Por otro lado, es necesario romper con los cánones de belleza que ha establecido la cultura de masas para reconocer los patrones individuales de belleza que generan el desbordamiento catártico. Somos la única especie que es capaz de apreciar la belleza, debemos procurar sensibilizarnos para despertar o desarrollar nuestro sentido de la intuición estética. Sólo así podremos encontrar en los lugares más improbables, la inspiración y el éxtasis de la revelación: cuando encontramos un patrón que revela una verdad obvia, que antes no lo era, la emoción que la conlleva, el orgasmo cerebral
Se dice que encontramos la belleza en nuestro deseo de idealizar y transformar nuestro mundo. Debido a que la belleza es circunstancial, sólo la podemos percibir en los momentos en los que nuestra atención se encuentra disponible. Me gusta entender a la belleza como la tecnología de la inspiración, es una de las pocas herramientas que nos puede sumergir en un éxtasis que supera la racionalidad y que inclusive, en ocasiones, nos puede causar dolor al intentar asimilarla, ya que literalmente, esa vastedad perceptual nos hace reconfigurar y actualizar nuestro esquema mental solo para acomodar a ese despertar ontológico. 
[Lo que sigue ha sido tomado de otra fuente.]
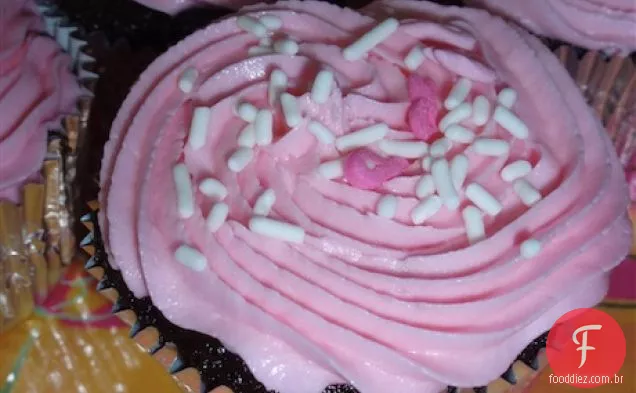 Bolo de Chocolate Beatty, também conhecido como o Melhor Bolo De Chocolate Caseiro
Codiciamos lo que vemos a una distancia que asegura que no lo podamos poseer. Es preciso separar el deseo de apropiación del deseo de trascendencia.  Una de las razones por las que la belleza nos puede producir ese deseo es porque en ese momento en el que estamos en su presencia, estupefactos por algo tan sublime, sentimos que nos absorbe de tal forma que queremos comulgar con ella, fusionarnos y ser uno con ella. Es en la belleza donde debemos alimentar nuestro deseo de ser infinitos en un mundo finito, alimentar nuestro anhelo de capturar el momento y hacerlo durar eternamente, porque, a pesar de que la belleza es casi nada sin el conocimiento de la rapidez con la que se desvanece, en su presencia podemos ser inmortales por un instante.